You have to take the teams that other people don’t want.”
“
But the odds help a bookmaker, no?”
“
That’s not the point.
It’s having
the action that’s exciting. It’s
pitting
your brains against other people’s and fate.”
“Fate,” Latkin spat the word out contemptuously. “Fate is one ting: you’re born, and you die. Gembling is a sickness.”
Sports shifted his weight from one foot to the other uneasily. The discussion was tiring him, and he was getting nowhere with Latkin. How could he explain the excitement, the thrill of betting on a winner? The money was unimportant - it was the action.
“I haven’t got it,” he said finally. The admission relaxed him.
“Don’t you think I know you don’t got it.”

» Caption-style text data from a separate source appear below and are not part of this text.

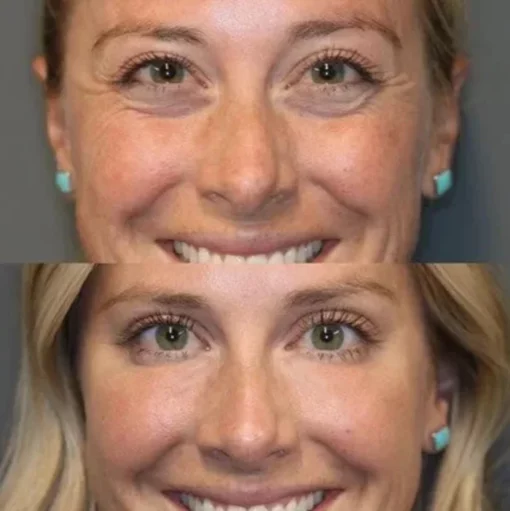CËLYN Instant FIRM Eye Tightener - Image 3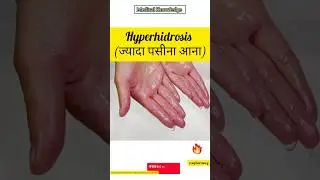 Hyperhidrosis ( ज्यादा पसीना आना) treatment medicine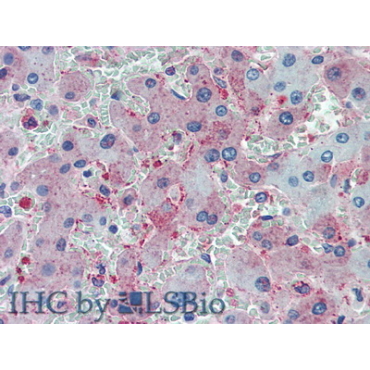 Complement 1q (C1q) Human Polyclonal Antibody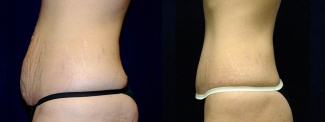 Left Profile View - Tummy Tuck After Pregnancy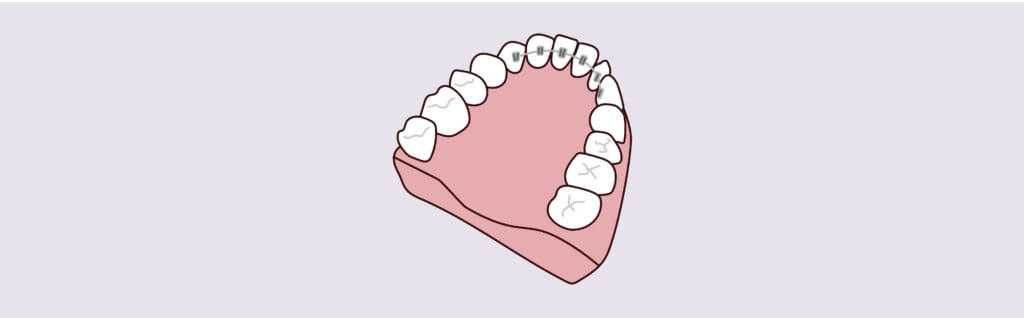 Lingual Braces - Pure Gold Professionals in Dentistry - Redlands Dentist - Pure Gold Professionals in Dentistry - Redlands Dentist -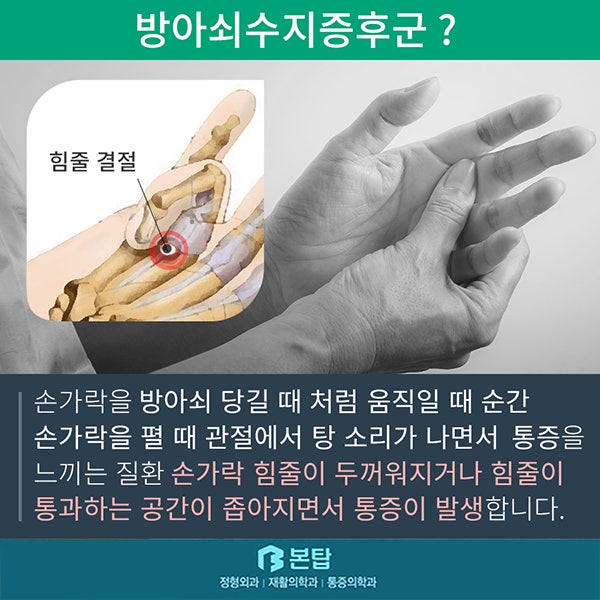 — 엄지쪽 손이 너무 아파요. 엄지 2
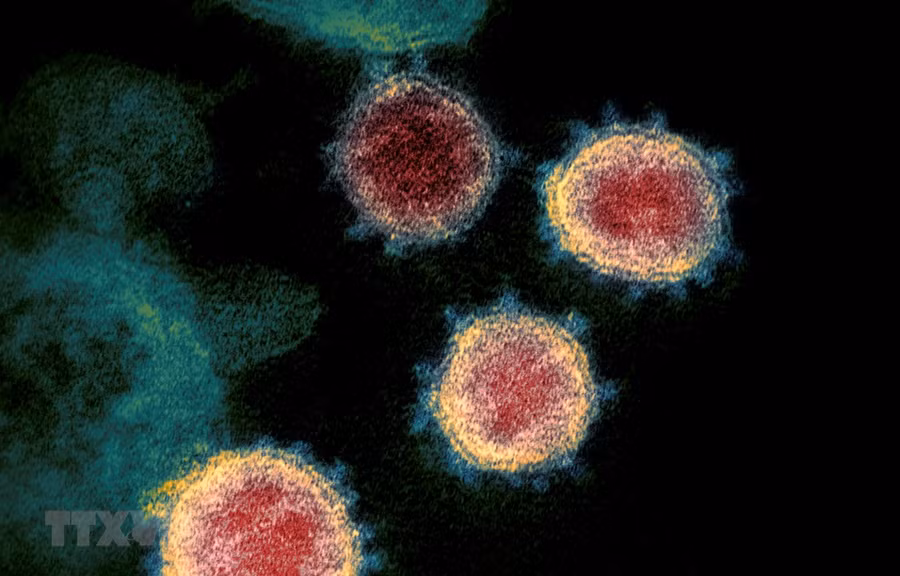 Virus SARS-CoV-2 gây bệnh COVID-19 soi trên kính hiển vi. (Ảnh: AFP/ TTXVN)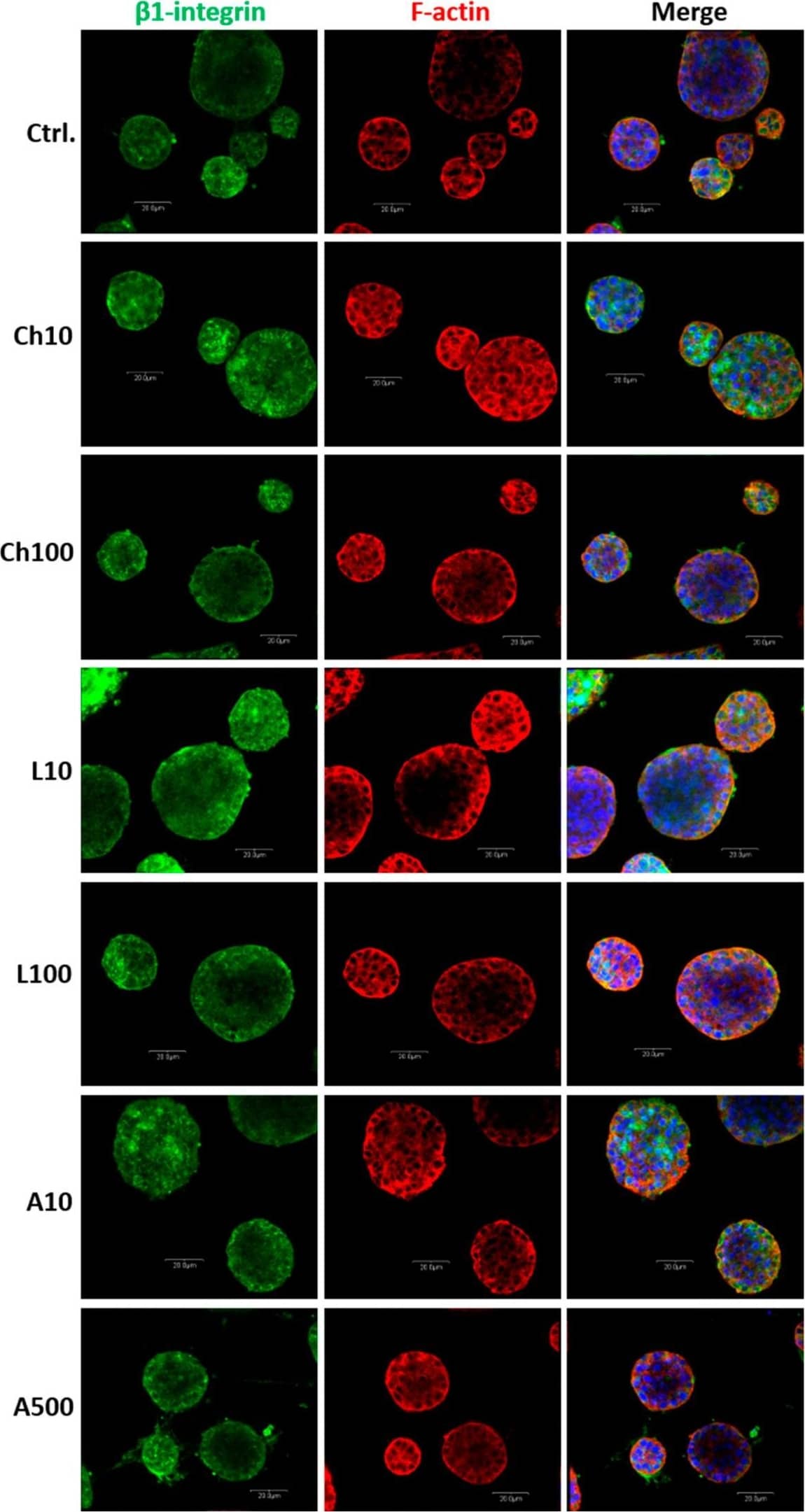 Panels of confocal micrographs presenting the immunofluorescence staining of BME-UV1 cells cultured on Matrigel for 11 days in control growth medium (Ctrl.) or medium supplemented with chemerin (Ch10 = 10 ng/mL, Ch100 = 100 ng/mL), leptin (L10 = 10 ng/mL, L100 = 100 ng/mL), or adiponectin (A10 = 10 ng/mL, A500 = 500 ng/mL). Cells were stained with primary antibodies against  beta 1-integrin and secondary antibodies conjugated with Alexa Fluor 488 dye (green fluorescence); Alexa Fluor 594 phalloidin, detecting F-actin (red fluorescence), and nuclei counterstained with Hoechst 33342 (blue fluorescence). Images were taken at 600× magnification and are representative for three independent experiments. Scale bar: 20 μm. Image collected and cropped by CiteAb from the following open publication (//www.mdpi.com/1422-0067/25/8/4147), licensed under a CC-BY license. Not internally tested by Novus Biologicals.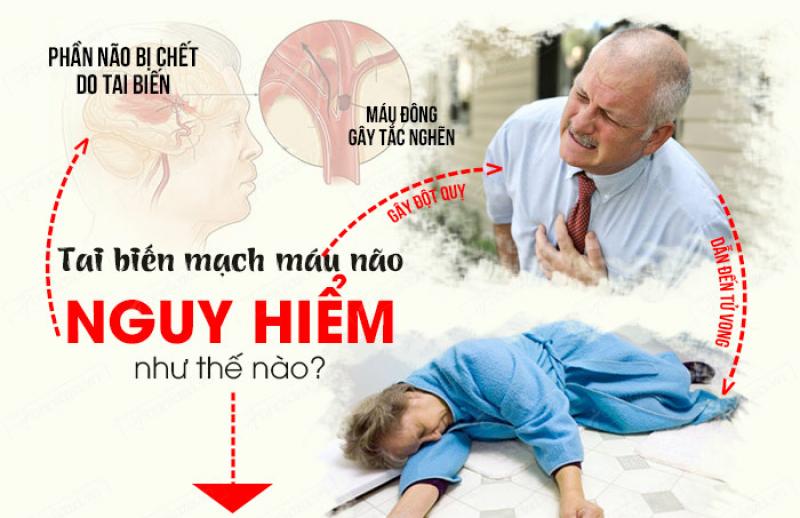 Phác đồ điều trị tai biến mạch máu não Phác đồ điều trị tai biến mạch máu não
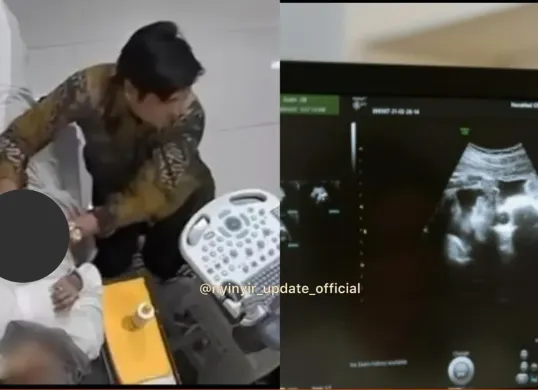 Pasien berinisial F membongkar kelakuan dokter kandungan di Garut yang melakukan pelecehaan saat pemeriksaan USG. (Sumber: Instagram/@nyinyir_update_official)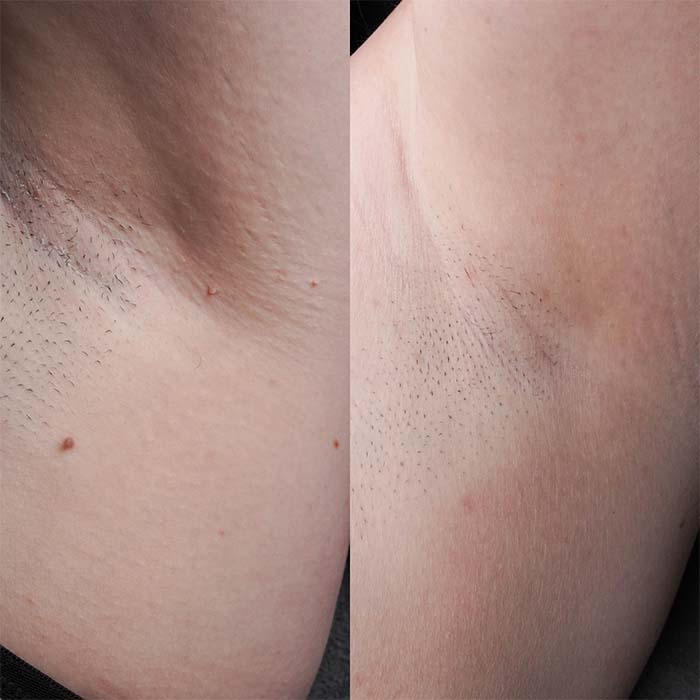 Underarm skin tags gone in one treatment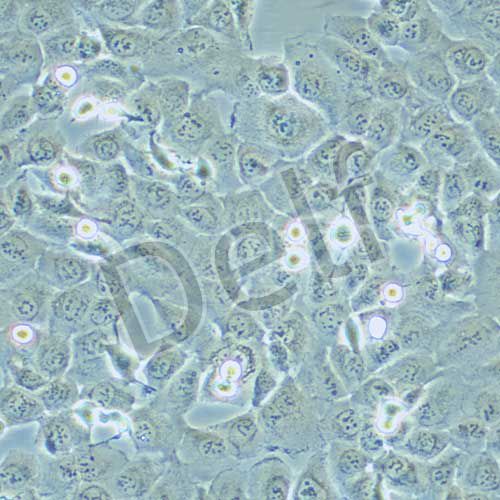 HT-1080 人纖維肉瘤細胞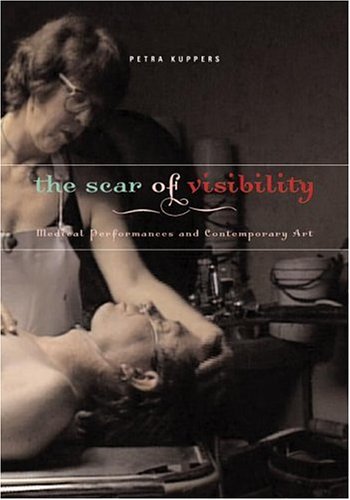 The Scar of Visibility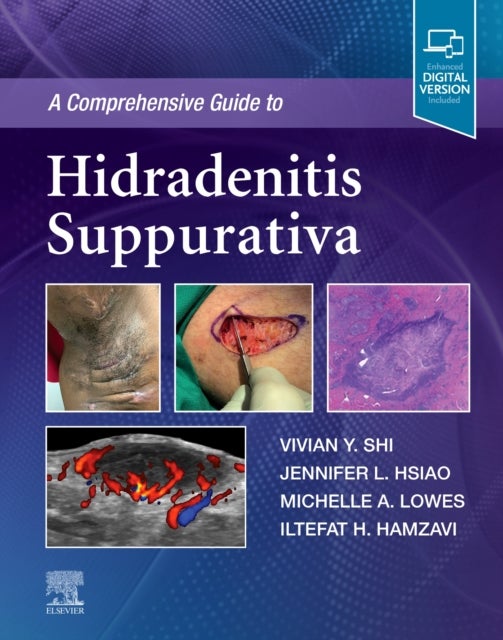 Bilde av A Comprehensive Guide To Hidradenitis Suppurativa Av Vivian Y. Md (associate Professor Department Of Dermatology University Of Arkansas For Medical Sc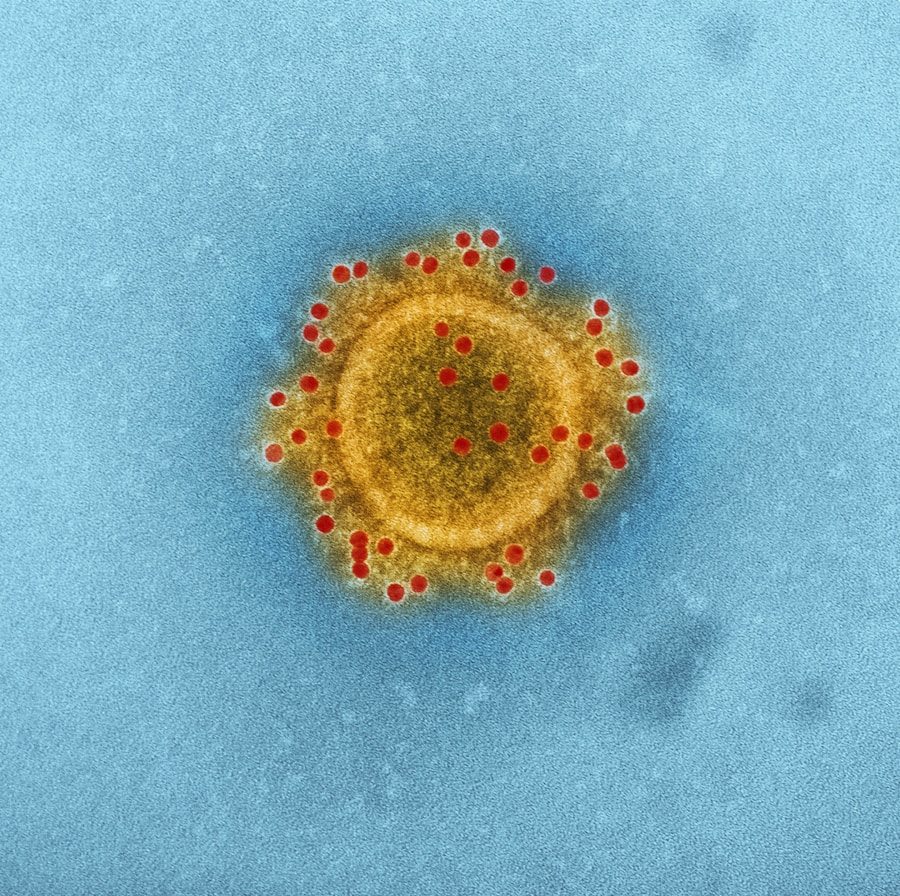 Photo Diphtheria diagnosis
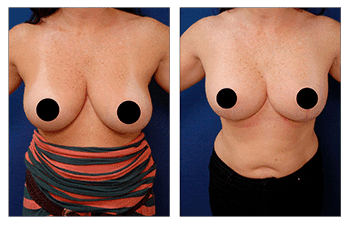 A woman's breasts before and after breast lift surgery. A woman's breasts before and after breast lift surgery.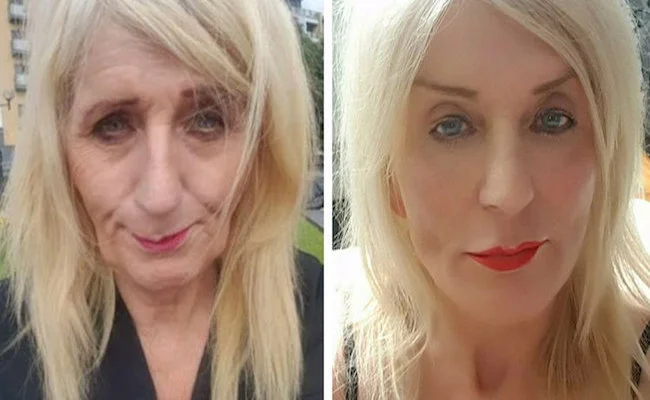 Transgender £4M Lottery Scratch Card Winner Spends £3000 On Dramatic Cosmetic Upgrade 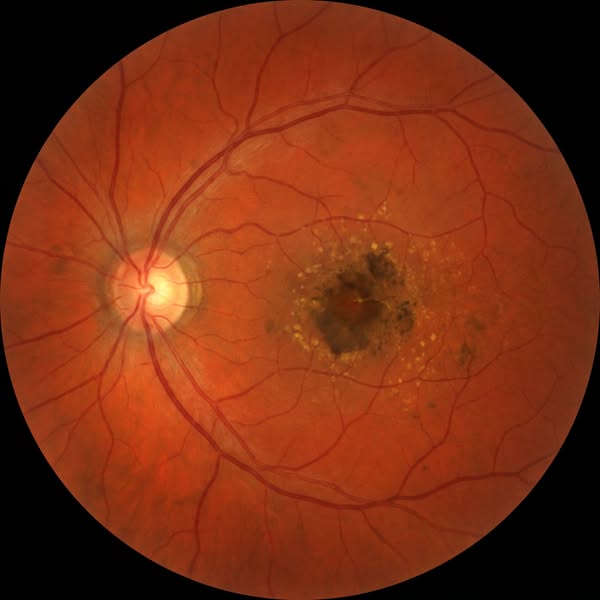 Read This If You Have Macular Degeneration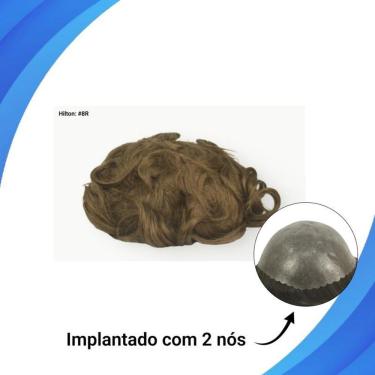 Imagem de Protese Capilar Micropele Hilton Tamanho 20X25 D=130%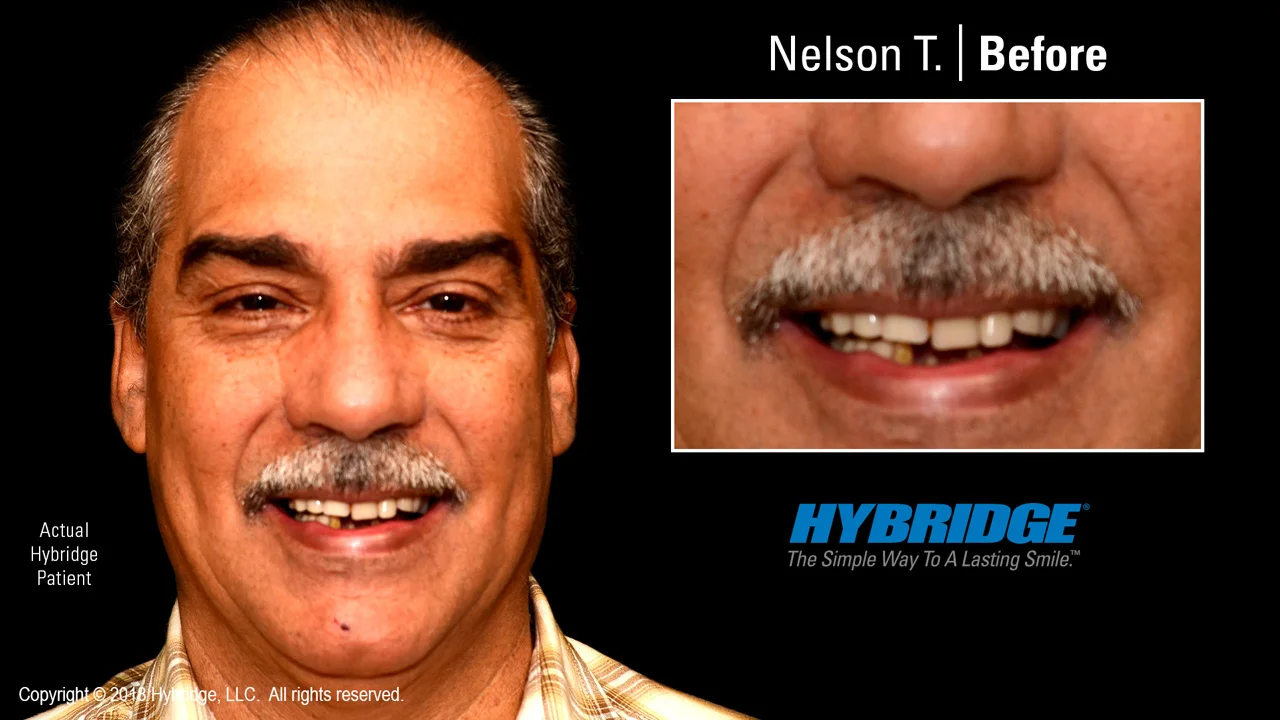 hybridge_nelson_t_before.jpg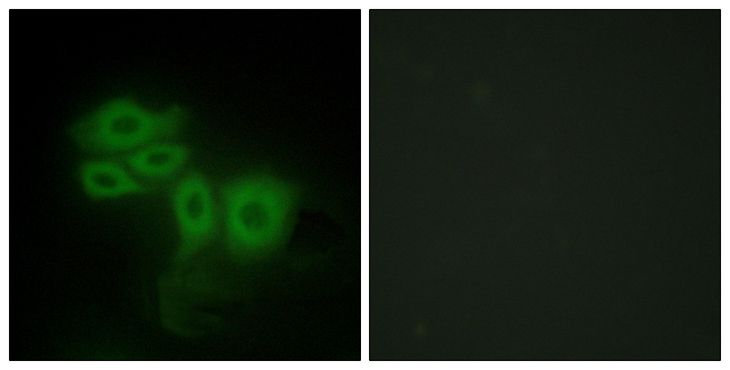 SLK Antibody - Immunofluorescence analysis of HepG2 cells, using SLK Antibody. The picture on the right is blocked with the synthesized peptide.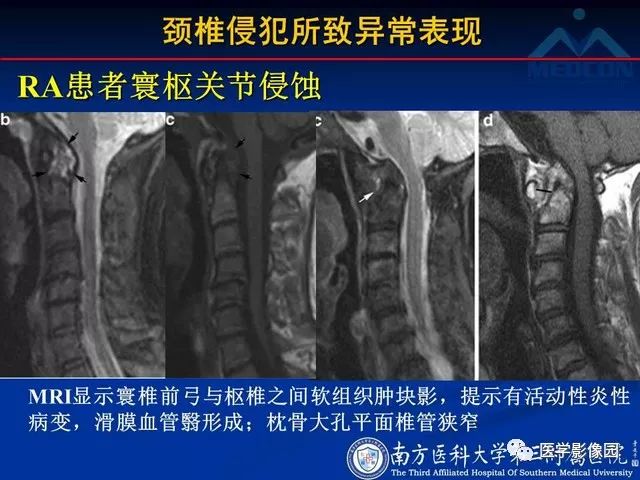 【PPT】系统性疾病脊椎侵犯病理学改变和影像学诊断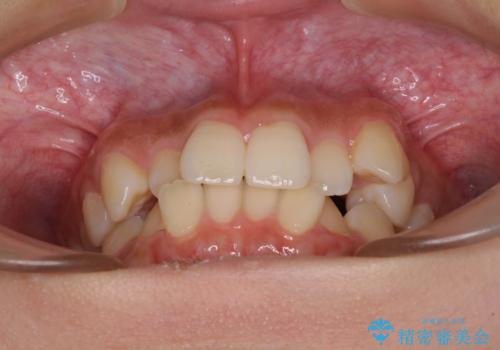 デコボコと八重歯の目立つ前歯 ワイヤー装置による抜歯矯正の治療前
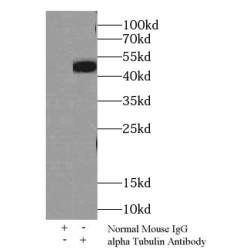 Alpha Tubulin (TUBA1B) Antibody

“What’s gonna happen?” asked Rhoda, on the edge of panic.
“What should happen?”
“The apartment, the furniture . . . it’s worth something? Maybe three thousand. We could sell it by the end of next week!”
“Where would the boy live?”
“He’ll live where I decide. He’s my son.”
“To move out of such a nice apartment. It’s a pity.”
“That’s not our fault, is it?” Sports said captiously. “You want your money.”
“I’m entitled . . . no? I didn’t esk to lend you. You esked me.”
“Aw, Christ, what’s the point?”
“Maybe I can help.”
“Give me more time!” Sports was jubilant.
“No, that I can’t do. Enough time you’ve had.” He looked around the room. “Nice apartment. How many rooms you got?”
“Four. Neal has a bedroom, and we have one.”
“The living room’s fine. A good-sized room.”
“For what?” Rhoda said.
“I run a little game, and the people don’t have where to play.”
“What kind of game?” Rhoda said.
“Creps.”
“A floater?”
“Whadelse? Nice respectable men in the game. No roughnecks.”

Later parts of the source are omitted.